Trails from Zero is the fourth game in this series, starting a new subseries after its trilogy predecessor: Trails in the Sky. It's a game about the struggle for national identity, the inherent contradiction in the police system, the strength of found familial bonds and how systemic powers get utilized for the benefit of the elites.

It's also a game about how the places we live in inform us, what we want to protect and what we value in our lives.

Let's talk about it a bit.

The city, a person

Rather than the game spanning across a gigantic kingdom with multiple cities and towns like its predecessor, Trails from Zero is set in Crossbell, a single big city with a handful of areas surrounding it. In the story, Crossbell is framed as a buffer state between the two superpowers of the continent: the Empire and the Republic. As a result, Crossbell grew in size and became a hub for all the latest technologies and engineering projects. You, as the player, control a newly established police squad whose purpose is to attend to civilian needs and requests, familiarizing yourself with the city, its people and its history.

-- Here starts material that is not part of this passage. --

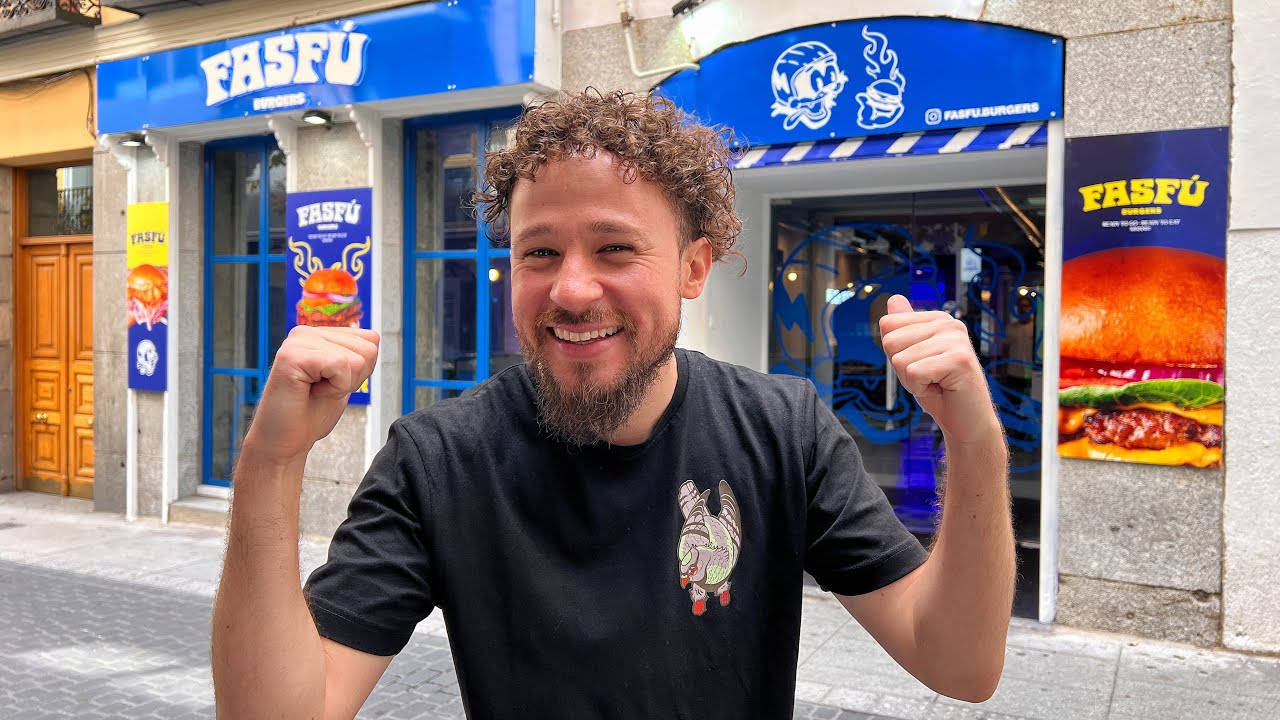 Luisito Comunica Burger Shop Background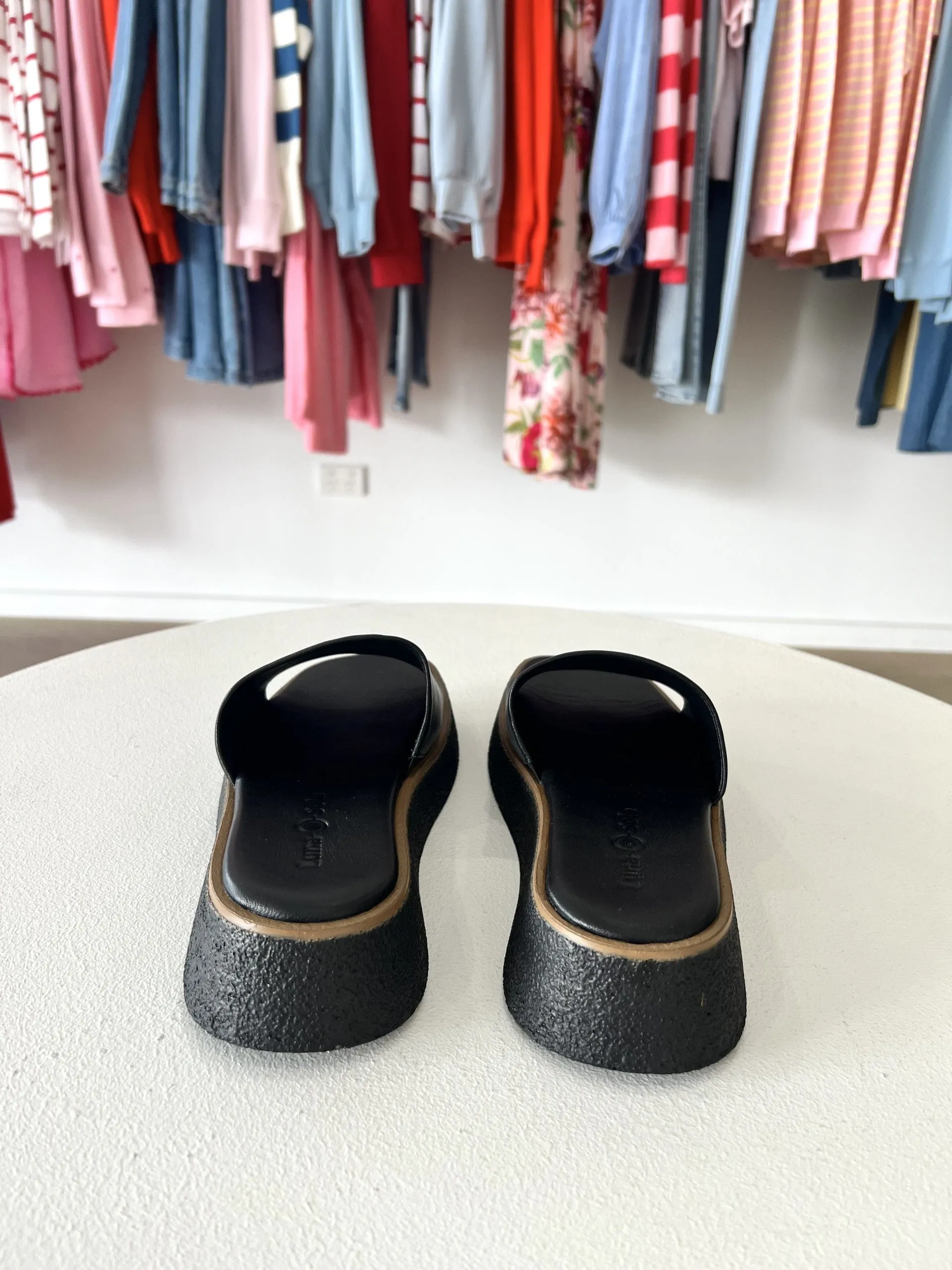 BIRDIE LEATHER SLIDE || BLACK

Crossbell itself is large, with distinct districts and unique environments throughout. You get to learn the lay of the land by accepting citizen and governmental requests, from finding lost items, investigating crime reports to monster extermination requests. As you complete these quests, you learn of Crossbell's history, its people and its geography. The once big and imposing city slowly opens its heart to the player, and the player gets to interact with Crossbell as more than a city, but as its own character.

The process of learning how Crossbell's small, unique idiosyncrasies make its character whole was what made me fall in love with it. Learning how each section interacts with the other, how to get from one place to the next, how to access its different shops and roads and how the different forms of diegetic fast travel interact with one another made it feel grounded and special. Through the course of the 45-ish hours it took me to beat it, the city embedded itself in my heart. Its realness made it memorable to me, it made me want to be in it.

The space, a moment

I have a hard time really picturing spaces in games as "real." It's really easy to generalize the abstraction of "space" in your head as a quirk of the game and never really feel it out as something familiar or real.

RPGs in particular have this funny relationship with space. Because the games are designed to be these large-spanning adventures through multiple environments, where you run through fields and mountains and cities and towns, learning about the world and its characters and the things that surround them, you grow extremely intimate with the elements that constitute a certain "realness" of space in your mind.

I grew attached to these places as time passed.

In talking about Trails from Zero with friends and while writing this very post, my mind wandered about all the other RPGs I'd played before where I felt that element come to life. This relationship with space we share as we play is something that sounds easy to replicate but requires a grounded sense of culture and history that's larger than the player can ever experience.

I think what makes a lot of these games work is that closeness to the worlds they create. If you're able to think about a city as a city, with all its intricacies and annoying elements intact, that space is cemented in your head as elemental to you in the act of play itself. It never leaves you because it becomes a part of your play.

Games that manage to capture this are fundamental to me in the RPG space. Creating this sense of realness, of "space" as a tactile element to the setting enhances the experience more. You learn to love it, you learn to get annoyed by it, but by the end of the game, it lingers. You become a part of the city, and the city becomes a part of you.